The Federal Funding Accountability and Transparency Act of 2006 (Transparency Act), includes a requirement for awardees of Federal grants to report information about first-tier subawards and executive compensation under Federal assistance awards issued in FY2011 or later. All awardees of applicable NIH grants and cooperative agreements are required to report to the Federal Subaward Reporting System (FSRS) available at www.fsrs.gov on all subawards over $25,000. See the NIH Grants Policy Statement for additional information on this reporting requirement.

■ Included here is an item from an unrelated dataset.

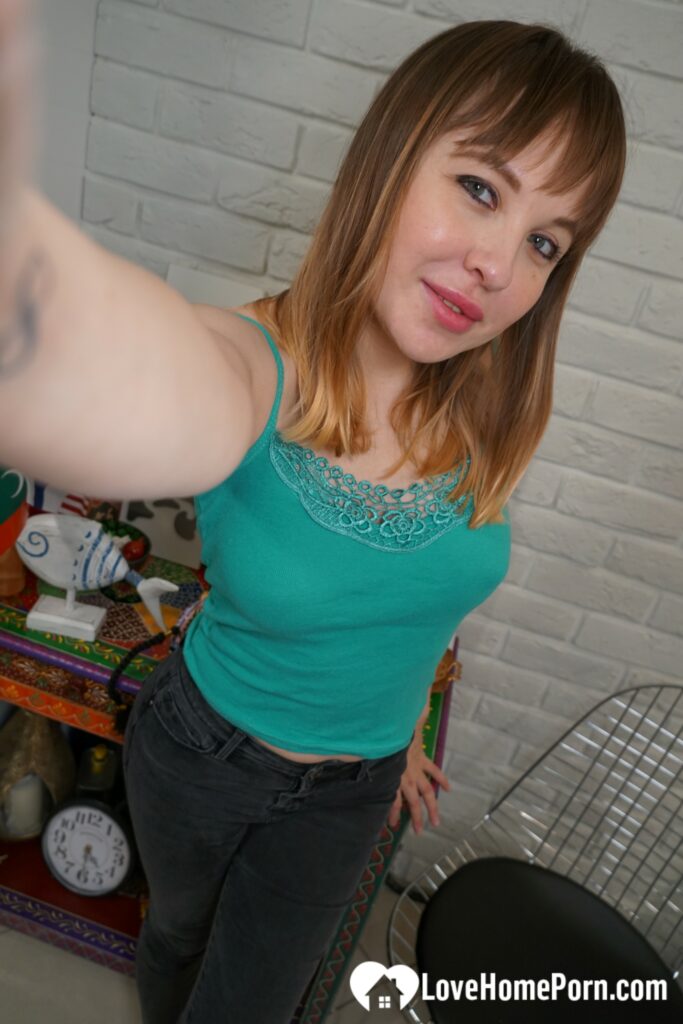 Incredible beauty loves to tease in various outfit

In accordance with the regulatory requirements provided at 45 CFR 75.113 and Appendix XII to 45 CFR Part 75, recipients that have currently active Federal grants, cooperative agreements, and procurement contracts from all Federal awarding agencies with a cumulative total value greater than $10,000,000 for any period of time during the period of performance of a Federal award, must report and maintain the currency of information reported in the System for Award Management (SAM) about civil, criminal, and administrative proceedings in connection with the award or performance of a Federal award that reached final disposition within the most recent five-year period. The recipient must also make semiannual disclosures regarding such proceedings. Proceedings information will be made publicly available in the designated integrity and performance system (currently FAPIIS). This is a statutory requirement under section 872 of Public Law 110-417, as amended (41 U.S.C. 2313). As required by section 3010 of Public Law 111-212, all information posted in the designated integrity and performance system on or after April 15, 2011, except past performance reviews required for Federal procurement contracts, will be publicly available. Full reporting requirements and procedures are found in Appendix XII to 45 CFR Part 75 Award Term and Conditions for Recipient Integrity and Performance Matters.

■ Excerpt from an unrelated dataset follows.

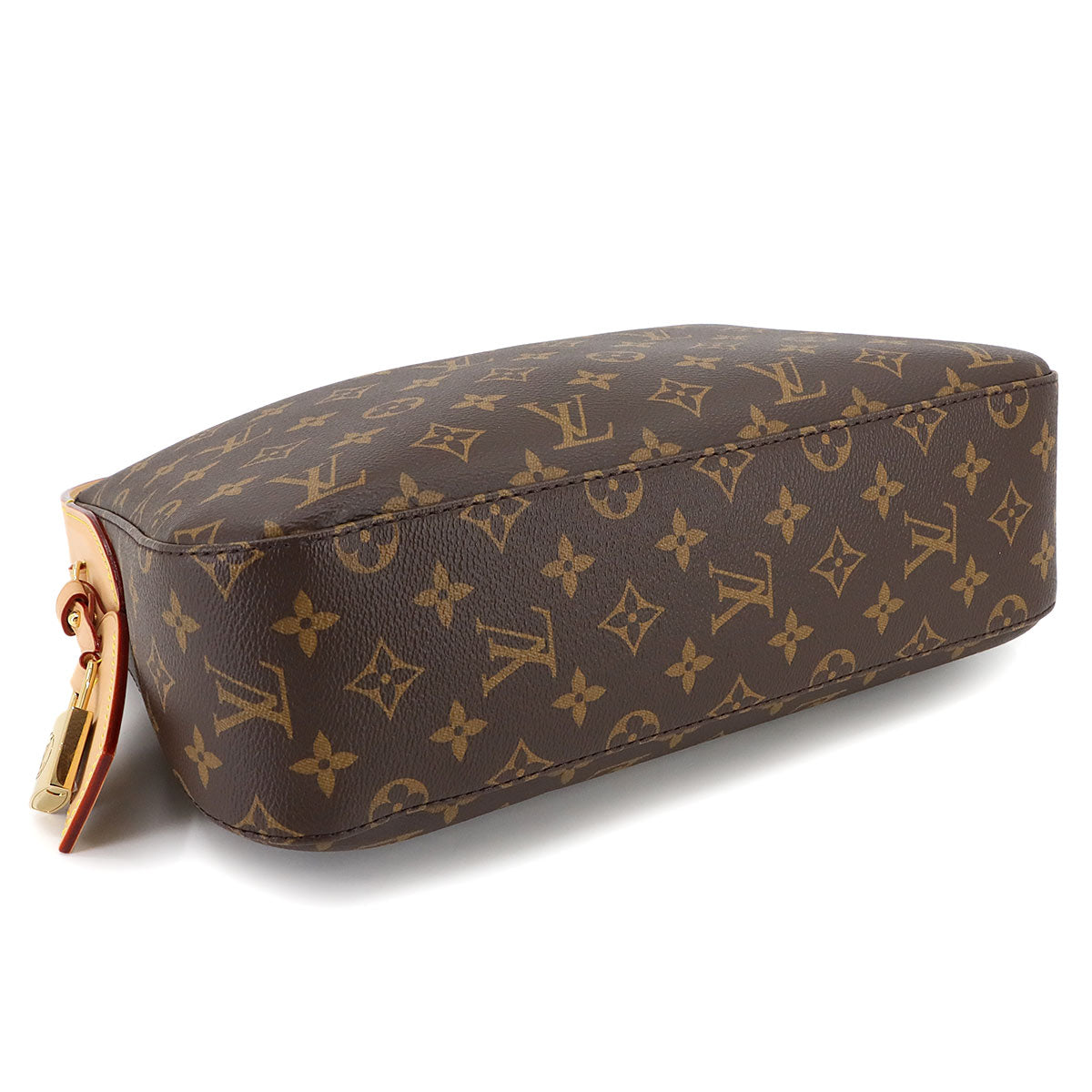 Monogram Slouchy PM Shoulder Bag Brown M11952 Purse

We encourage inquiries concerning this funding opportunity and welcome the opportunity to answer questions from potential applicants.

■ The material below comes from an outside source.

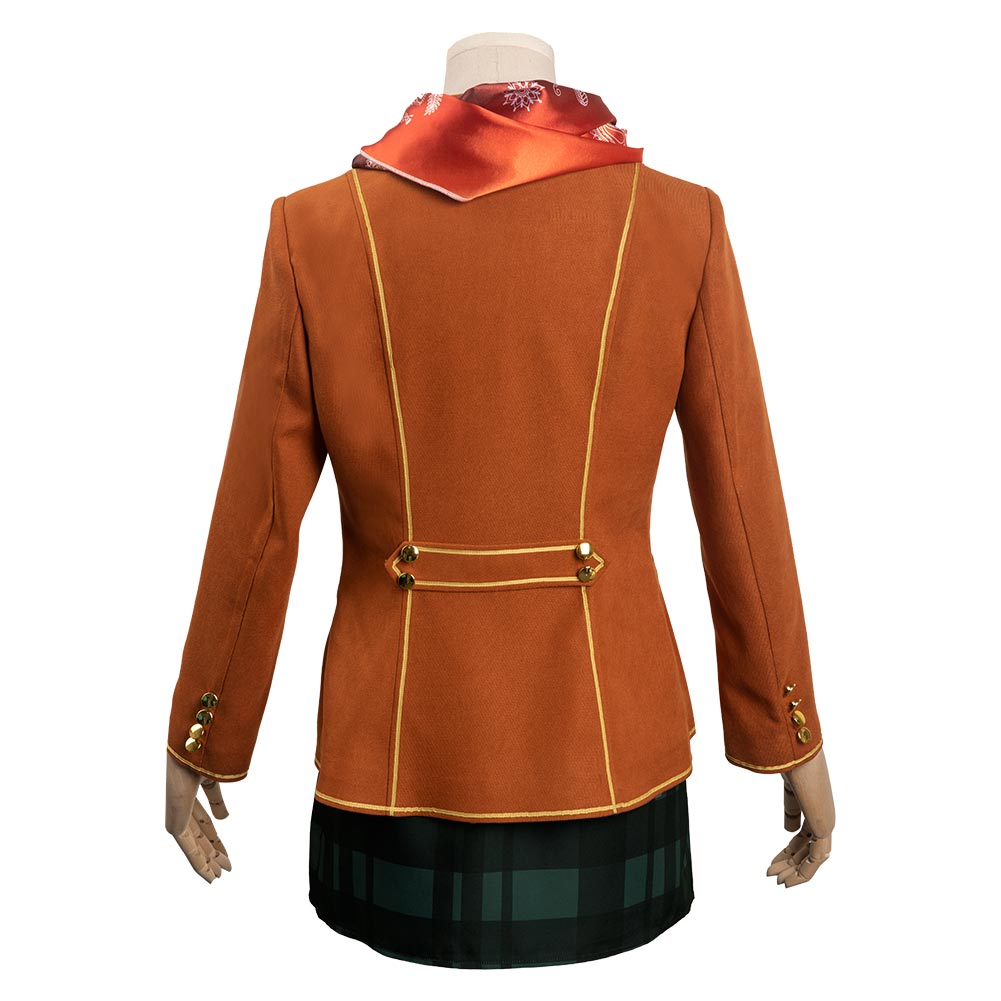 Jeu Resident Evil 4 Remake Ashley Graham Cosplay Costume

eRA Service Desk (Questions regarding ASSIST, eRA Commons registration, submitting and tracking an application, documenting system problems that threaten submission by the due date, post submission issues)
Finding Help Online: http://grants.nih.gov/support/ (preferred method of contact)
Telephone: 301-402-7469 or 866-504-9552 (Toll Free)

Grants.gov Customer Support (Questions regarding Grants.gov registration and submission, downloading forms and application packages)
Contact Center Telephone: 800-518-4726
Email: [email protected]

GrantsInfo (Questions regarding application instructions and process, finding NIH grant resources)
Email: [email protected] (preferred method of contact)
Telephone: 301-945-7573

Karl Krueger, Ph.D.
National Cancer Institute (NCI)
Telephone: 240-276-7026
Email: [email protected]

Sudhir Srivastava, Ph.D., M.P.H..
National Cancer Institute (NCI)
Telephone: 240-276-7040
Email: [email protected]

Referral Officer
National Cancer Institute (NCI)
Telephone: 240-276-6390
Email: [email protected]

Rogers R Gross II, M.B.A.
National Cancer Institute (NCI)
Telephone: 240-276-7589
Email: [email protected]

Recently issued trans-NIH policy notices may affect your application submission. A full list of policy notices published by NIH is provided in the NIH Guide for Grants and Contracts. All awards are subject to the terms and conditions, cost principles, and other considerations described in the NIH Grants Policy Statement.

Awards are made under the authorization of Sections 301 and 405 of the Public Health Service Act as amended (42 USC 241 and 284) and under Federal Regulations 42 CFR Part 52 and 45 CFR Part 75.